AW, so sweet memories you have. I remember visiting my maternal grandmother in the nursing home and feeding her lunch. She was such a sweet quite lady.

Hey, I'm glad you enjoyed the post today. See you tomorrow for Friday Follow. I am now following you.


Lin said...

I really loved your memories of your grandma, Karen, they were so REAL. It is the odd memories (like the horse or sleeping with Grandma) that stand out--not that she baked cookies with you or something. I remember spending the night at my grandma's house too. Gees, I felt so small!

Nice post--it made me smile.

tahtimbo said...

I have so many wonderful memories of my grandmother. We used to take walks around the block; she made the best toast in the world; I would stay overnight there during the summer (I would sleep on the couch in the living room, because I was too afraid to sleep upstairs); she had the most amazing voice and could play the piano like no one could.
Thank you for prompting these memories.

jude8753 said...

Great memories you have Karen. I have a few memories, but I was scared of my Granny and she was always sick.

stephanie said...

what a great tribute to your grandma. inspires to me to make the most of opportunities with my kids... let them use the nice plates, sleep in bed with me when the want, make fun memories... its those little things they'll remember.

thanks for sharing.

Karen, author of "My Funny Dad, Harry" said...

Mrs. Lucia Wright: I'd like to hear about some of your memories of your grandma too. Thanks for saying I have a lovely blog. Sweet of you.

Midday Escapades: I'm sure she appreciated your visits very much. Thanks for following me.

Lin: My grandma and I never baked cookies. She wasn't much of a cook or baker. That skill just doesn't run in our family; it's no wonder I stay out of the kitchen except to take my pills and feed my pets.

Tahtimbo: Those all sound like sweet memories of your grandmother. I do wonder though, why you were afraid to sleep upstairs?? Is that where the monsters lived?

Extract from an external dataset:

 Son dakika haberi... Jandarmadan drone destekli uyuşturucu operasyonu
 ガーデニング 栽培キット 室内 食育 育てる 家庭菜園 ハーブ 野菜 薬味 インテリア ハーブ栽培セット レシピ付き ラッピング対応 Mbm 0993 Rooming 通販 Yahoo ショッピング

Jude: That's so sad you only remember your Granny as being sick and were afraid of her. At least you get to be a good grandma. Thanks again, for your very nice book review! So glad you enjoyed it.

Stephanie: That's right--it's the little every day things that make life so special! I love that I can inspire people to make special memories for their kids!

Miss Fit said...

I, too, have wonderful memories of my (maternal) Grandmother! She passed a few years ago and I really think it was the hospitals fault. She wasn't ready to go. I would stay over, I would snuggle with her at night, she would take me school shopping, camping, fishing and she introduced me to making breakfast with rice, milk, sugar, cinnamon and raisins. To this day that breakfast dish will always remind me of her!

Natalie said...

Ah, I would've loved your Grandma :) She sounds like a wonderful woman!

You were right...our posts were very similar. I'm glad we "found" each other and look forward to getting to know you better!